◆ Input data ◆
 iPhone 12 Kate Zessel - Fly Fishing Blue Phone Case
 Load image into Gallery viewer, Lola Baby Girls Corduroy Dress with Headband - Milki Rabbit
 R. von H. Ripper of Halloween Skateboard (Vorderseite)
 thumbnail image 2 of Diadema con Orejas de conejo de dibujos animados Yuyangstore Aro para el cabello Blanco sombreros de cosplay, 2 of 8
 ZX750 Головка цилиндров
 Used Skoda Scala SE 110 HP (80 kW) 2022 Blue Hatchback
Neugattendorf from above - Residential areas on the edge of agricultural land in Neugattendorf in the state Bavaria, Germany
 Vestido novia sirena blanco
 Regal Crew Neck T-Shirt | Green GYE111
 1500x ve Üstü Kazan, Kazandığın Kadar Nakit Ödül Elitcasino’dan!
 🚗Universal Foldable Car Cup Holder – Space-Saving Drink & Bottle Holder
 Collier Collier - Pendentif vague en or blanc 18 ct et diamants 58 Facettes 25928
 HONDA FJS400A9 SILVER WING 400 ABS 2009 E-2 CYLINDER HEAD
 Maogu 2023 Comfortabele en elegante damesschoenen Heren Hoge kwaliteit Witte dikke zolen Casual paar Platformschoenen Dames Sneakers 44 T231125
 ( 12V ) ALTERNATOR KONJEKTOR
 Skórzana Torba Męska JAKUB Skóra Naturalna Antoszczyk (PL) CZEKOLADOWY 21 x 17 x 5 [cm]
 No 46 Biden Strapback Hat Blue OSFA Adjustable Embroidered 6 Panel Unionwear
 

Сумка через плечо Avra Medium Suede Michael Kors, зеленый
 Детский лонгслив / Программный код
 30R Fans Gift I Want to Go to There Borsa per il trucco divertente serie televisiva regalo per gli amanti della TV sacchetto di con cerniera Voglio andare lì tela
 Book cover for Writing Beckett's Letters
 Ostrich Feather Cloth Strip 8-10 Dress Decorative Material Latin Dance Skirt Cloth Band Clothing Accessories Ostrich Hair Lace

◆ Task description ◆
Take each line from the preceding material that contains "Dress" and copy it.

◆ Exercise output ◆
 Load image into Gallery viewer, Lola Baby Girls Corduroy Dress with Headband - Milki Rabbit
 Ostrich Feather Cloth Strip 8-10 Dress Decorative Material Latin Dance Skirt Cloth Band Clothing Accessories Ostrich Hair Lace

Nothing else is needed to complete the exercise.